Во время пребывания евреев в арест-блоке в ожидании формирования группы их ежедневно избивали плетками, давая по 25 плетей каждое утро. За всякую провинность, конечно, мнимую и надуманную, количество плетей увеличивалось многократно. Как и где производились расстрелы – мы не знали. Обреченных уводили с оркестром до ворот лагеря и затем налево вдоль южной ограды, в то время как поляк, вывозивший трупы умерших в лагере, со своей бричкой всегда сворачивал направо.
Звуки стрельбы до нас не достигали.
Удивительной и непонятной была эта страсть немцев к истязаниям и издевательствам над людьми, уже и так обреченными на смерть. Физическими мучениями и надругательством над человеческим достоинством они сопровождали человека до самой могильной черты и, казалось, никак не могли насытиться тем наслаждением, которое давали им эти истязания.
Мои чувства, так же как и у других, притупились от ежедневного вида беспредельных, казалось, человеческих мучений и страданий, и я уже давно не возмущался и даже не удивлялся виденному, но голова еще не отказывалась работать, и, глядя на немцев, я все думал, как это можно совместить, объединить, кичливое бахвальство высокой «европейской» культурой и поведение не то что на «азиатском», но на первобытном, пещерном уровне человеческого развития.

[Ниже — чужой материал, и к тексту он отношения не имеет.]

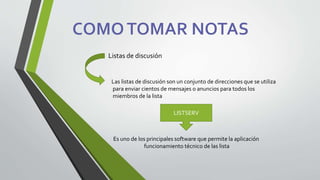Listas de discusión
Las listas de discusión son un conjunto de direcciones que se utiliza
para enviar cientos de mensajes o anuncios para todos los
miembros de la lista
LISTSERV
Es uno de los principales software que permite la aplicación
funcionamiento técnico de las lista
 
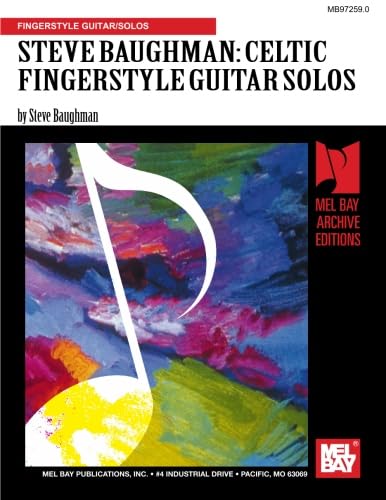 Stock image for Steve Baughman: Celtic Fingerstyle Guitar Solos for sale by HPB-Ruby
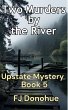 Two Murders by the River (Upstate... - Bild 1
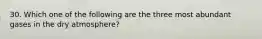 30. Which one of the following are the three most abundant gases in the dry atmosphere?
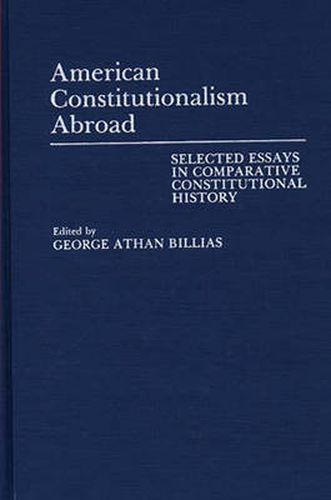 Cover image for American Constitutionalism Abroad: Selected Essays in Comparative Constitutional History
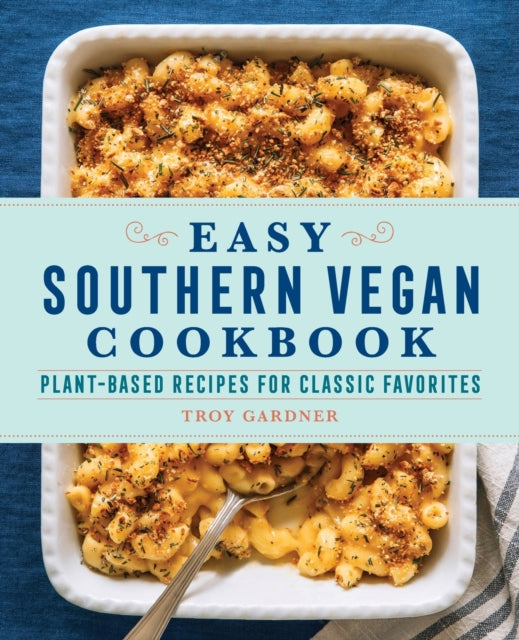 Easy Southern Vegan Cookbook: Plant-Based Recipes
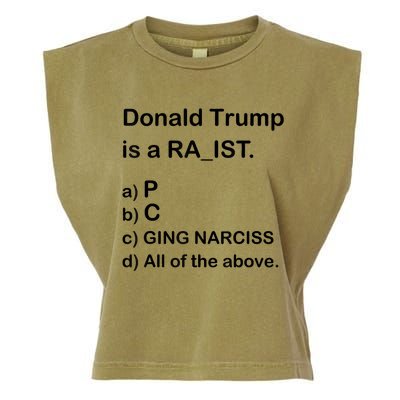 Donald Trump Is A Racist Anti Trump Joke Funny Garment-Dyed Women's Muscle Tee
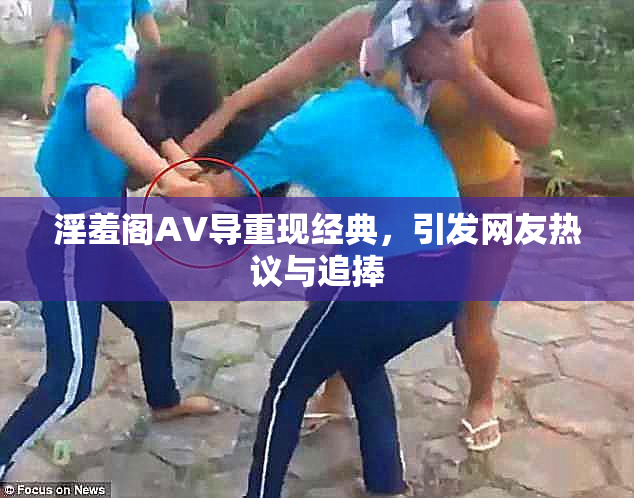 淫羞阁AV导重现经典，引发网友热议与追捧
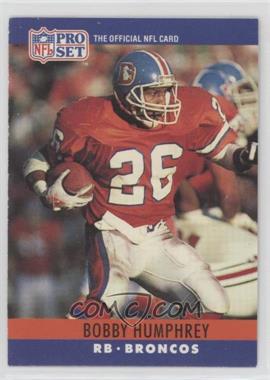 1990 Pro Set - [Base] #91 - Bobby Humphrey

Много азербайджанцев, узбеков, некоторых кавказцев-мусульман, плохо владевших русским и не умевших словами доказать свою непричастность к семитам, тоже попали в эту погибельную свалку, особенно в первые месяцы осени сорок первого.
Когда немцы сочли, что все евреи в лагере выловлены, они отправили на расстрел и весь оркестр под его собственную музыку.
Я часто думаю: а что сейчас там, в Сувалках, на том месте, где был разбит этот ужасный лагерь смерти? Отмечено ли хоть чем-нибудь то место, где были закопаны десятки тысяч погибших, замученных и расстрелянных людей? Что-то не слышно об этом нигде, ни в одном рекламном проспекте, прославляющем достопримечательности польских городов, не приходилось мне читать даже упоминания об этих событиях. Неужели уж они так незначительны, ничего не стоящи, что и недостойны упоминания? Это нам было тогда простительно состояние общего психического отупения и безразличия под грузом тех неохватных разумом отвратительных картин зверств, сознательно и хладнокровно творившихся немцами. А сейчас?